Bethesda Film Fest Jury

The 2022 Bethesda Film Fest will be juried by CJ Crimm, Michael Anthoy and Nina Gilden Seavey.

CJ Crimm, Filmmaker

Cheryl Jacobs Crim is an independent filmmaker who has been telling provocative stories for television and film for three decades. She has produced, directed and edited numerous television specials and documentaries and has won dozens of regional, national and international awards including two Silver Telly’s, a Gold Medal from the NY Film Festival and “Best of Show" from the Houston International Film Festival. She also has received 12 Regional Emmy's for Outstanding Specials and Documentaries including two for Individual Achievement in Directing and Editing. Her most recent film, Resisterhood showcases the wave that brought us the most ethnically, racially and gender diverse Congress in history. It shares stories of hope that will re-energize the movement and inspire even more people to join the fight to secure a bright future for our country.

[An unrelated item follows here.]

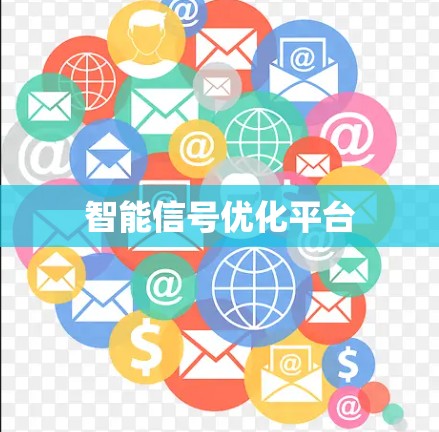 智能信号优化平台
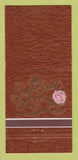 Matchbook Cover - Gulf Coast Room 30 Strike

Michael Anthony, Director, Producer and Writer

Michael is an accomplished director, producer, writer, and transmedia storyteller. He balances teaching with being a practitioner. His film Walls that Bleed: The Story of the Dudley/A&T Uprising looked at a forgotten story of campus unrest during the civil rights movement. It played at numerous film festivals and community screenings, and was nominated for Best Documentary Film in the HBO/CNN category at the Martha’s Vineyard African American Film Festival. He is currently in post-production on Color Correction which uses the science of DNA testing and ethnographic research to construct a narrative of racial identity in the United States. He has also received the Platinum Award in Distance Learning, Best Short Film at the Spaghetti Junction Urban Film Festival, and the Audience Award for Best Film at the 48 Hour Film Festival in Greensboro, NC..

Nina Gilden Seavey, Filmmaker and George Washington School of Media and Public Affairs

Nina Gilden Seavey is an Emmy Award-winning documentarian with a 30-year career in the non-fiction world. Her media projects can be seen in theaters, on television, in digital and ancillary media. Seavey served as the Founding Director of The Documentary Center in the School of Media and Public Affairs at The George Washington University from 1990-2020. She currently holds the academic rank of Research Professor of History and Media and Public Affairs with appointments in both the Department of History and in the School of Media and Public Affairs in the Columbian College of Arts and Sciences. Seavey’s most recent production is an 8-part podcast, My Fugitive, produced by Pineapple Street Studios. Her previous works include: A Paralyzing Fear: The Story of Polio in America, The Ballad of Bering Strait, The Matador, A Short History of Sweet Potato Pie and How It Became a Flying Saucer, The War at Home, 4th and Goal, and Parables of War. Seavey’s works have won numerous awards including five National Emmy nominations (one statue awarded), the Erik Barnouw Prize for Best Historical Film of the Year, The Golden Hugo, Cine Special Jury Prize, The Telly Award, among many others.